Apalutamide (Erleada) plus androgen deprivation therapy and radiotherapy (RT) was evaluated in patients with high- and very high–risk localized or locally advanced prostate cancer, with RT schedules that are reflective of recommended practice guidelines, according to findings from a review of the phase 3 ATLAS trial (NCT02951052) presented at the 2022 ASCO Annual Meeting.
“ATLAS is an example of how RT can be included in phase 3 trials of HRLPC in combination with next-generation hormonal therapy,” the study authors wrote in a poster of the study.
The current treatment approach for patients with high-risk localized or locally advanced prostate cancer (HRLPC) comprises androgen deprivation therapy (ADT) combined with radiotherapy (RT).
Although effective in some patients, ADT plus RT doesn’t significantly reduce the risk for metastases and death.
In the ATLAS trial, investigators are assessing if adding apalutamide (Erleada) to ADT (gonadotropin-releasing hormone agonist [GnRHa]) and external beam radiation therapy (EBRT) is feasible in patients with high-risk disease.
A total of 1,503 patients (median age, 67 years) are currently enrolled onto the trial.

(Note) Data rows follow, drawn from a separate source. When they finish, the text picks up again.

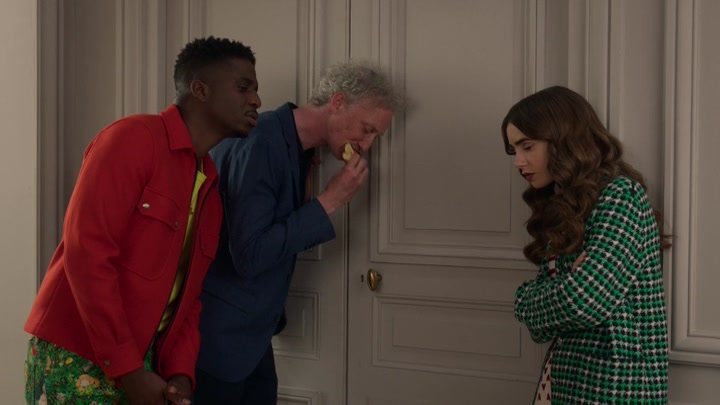 Emily_in_Paris_S02E06_WEBRip_x264-ION10_2331.jpg Emily_in_Paris_S02E06_WEBRip_x264-ION10_2331.jpg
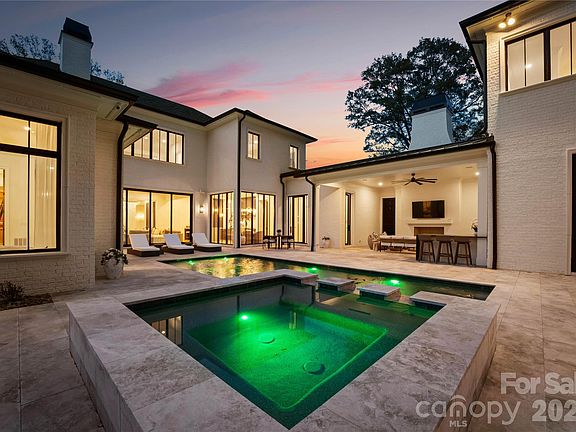 4th image of 2208 Overhill Rd #1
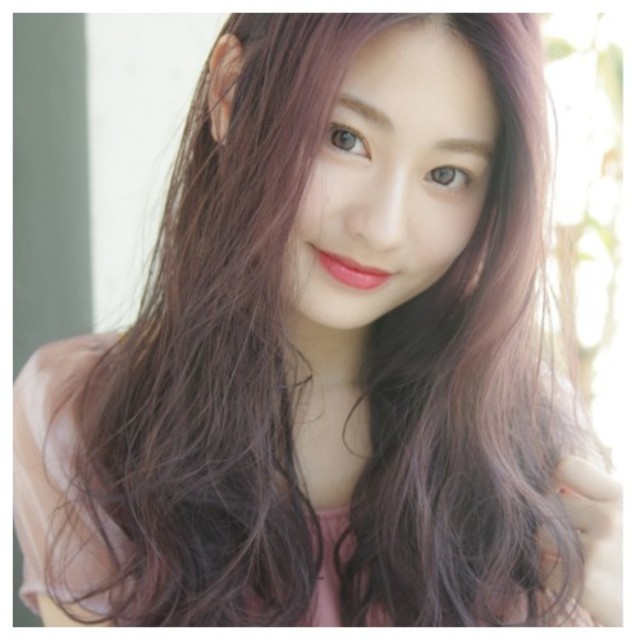 ラベンダーピンクの髪色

A total of 89% and 11% of patients have an ECOG PS of 0 or 1, respectively. In regard to tumor classification, 66% are high-risk and 34% are very high-risk. Median PSA is 6.3 ng/mL and cT2 in 44%, CT2 in 50% and cN1 in 13%.
“Baseline characteristics demonstrate high- and very higher-risk features of prostate cancer and pelvic nodal involvements in patients undergoing primary RT in clinical practice,” the researchers wrote.

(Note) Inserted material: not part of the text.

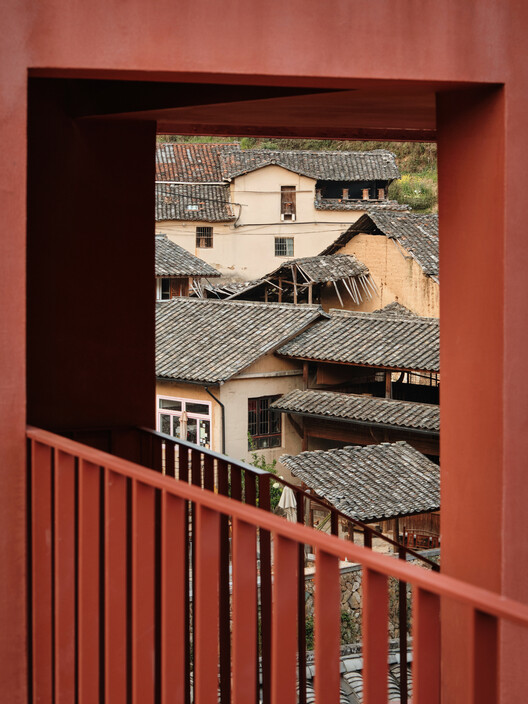 Songzhuang Z Museum / Team Bldg - Интерьерная фотография, лес, балкон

In 90% of patients included in the study, RT use was standard EBRT to prostate/pelvis over 6-8 weeks (cumulative 78-81 GY); in 10% of patients recent hypofractionation schedules were applied, and 5.6% had EBRT combine with brachytherapy.

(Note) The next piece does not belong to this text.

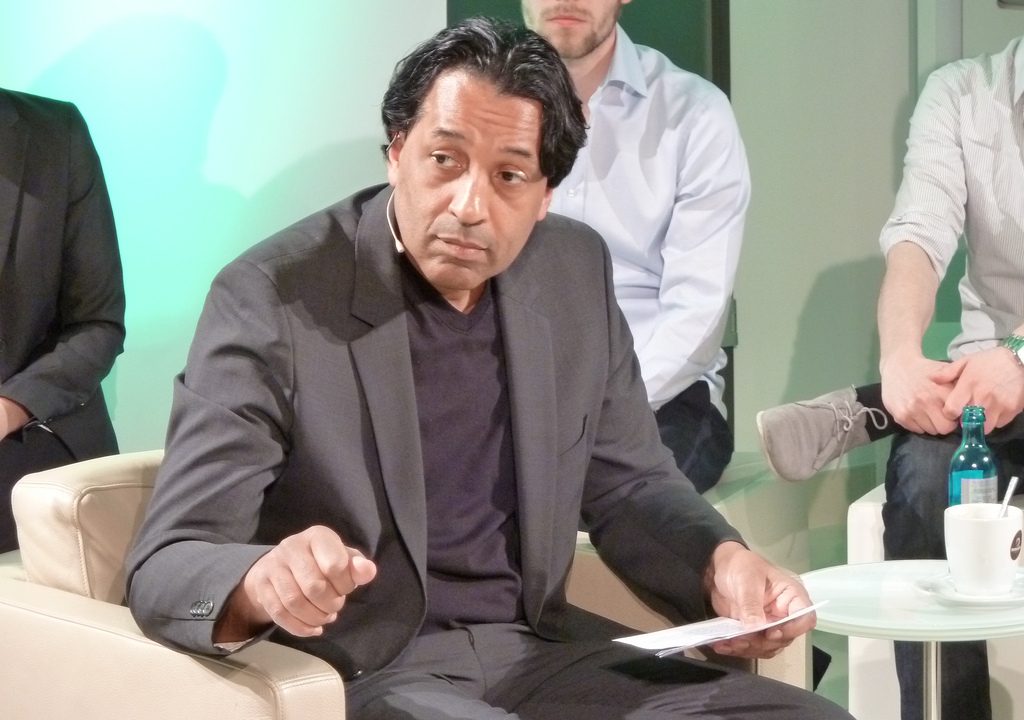 Cherno Jobatey bei der Moderation des UdL Digital Talks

“The RT schedules applied reflect recent evidence and guideline changes for the use of hypofractionation in this patient population,” the researchers wrote.
Patients were randomized to APA or placebo plus GnRHa for 30 (28-d) treatment cycles. All patients received GnRHa and primary RT as standard of care. And the placebo group also received bicalutamide in the neoadjuvant setting, concurrent with RT.
The authors noted that the RT schedules in ATLAS mimic recent evidence and guideline changes for the use of hypofractionation in this group of patients.